In the hours preceding the announcement, which was communicated from a courthouse window via hand-held signs to television cameras posted outside the courthouse, crowds of the obsessed and merely curious gathered behind police cordons outside the beachfront courthouse. Tourists snapped photos. Street musicians played. Some spectators brought their babies to the event. Others stood around talking into their cellular phones.

The jury announced that it had reached a decision at 4 p.m., but it took several hours for all the parties to gather at the Santa Monica Courthouse for the reading of the verdicts.
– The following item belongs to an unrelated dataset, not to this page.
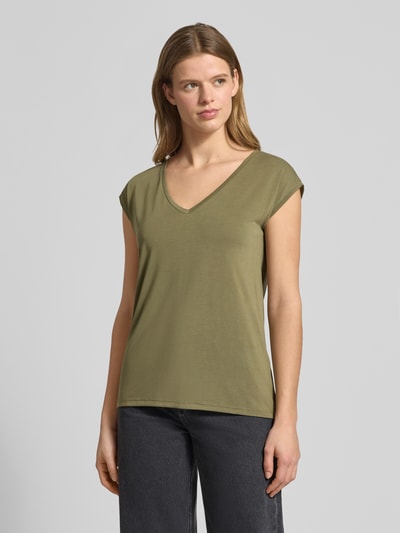 Vrouwenmodel draagt Relaxed Fit T-shirt uit modalmix Model 'KAMALA' van Pieces, look: effen, V-hals, korte mouw, Ganzkörperansicht von vorne.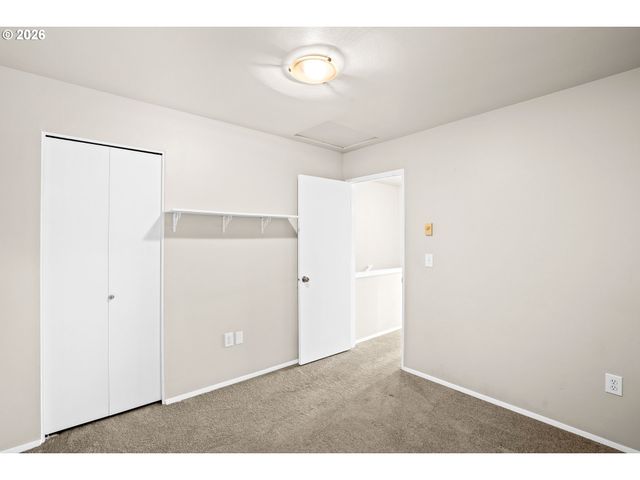 3473 Sw BARBUR Blvd 12, Portland, OR 97239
While the judge waited for everyone to arrive, crowds gathered behind police cordons outside the beachfront courthouse. “I was coming home from work and I turned the radio on . . . and they said the verdict was in,” said onlooker Mildred Slaughter. “I wanted to be a part of history. It is history.”

History or not, the civil case was at least the second act in one of the most sensational legal dramas in recent memory. Simpson’s criminal trial, which ended in his acquittal in 1995, aired daily on live television and demolished the ratings of other daytime programs.

The civil trial provided a more subdued sequel after Fujisaki refused to allow television cameras into his courtroom. But it covered much of the same territory, and the plaintiffs’ attorneys managed to present evidence that had eluded prosecutors in the Los Angeles County district attorney’s office.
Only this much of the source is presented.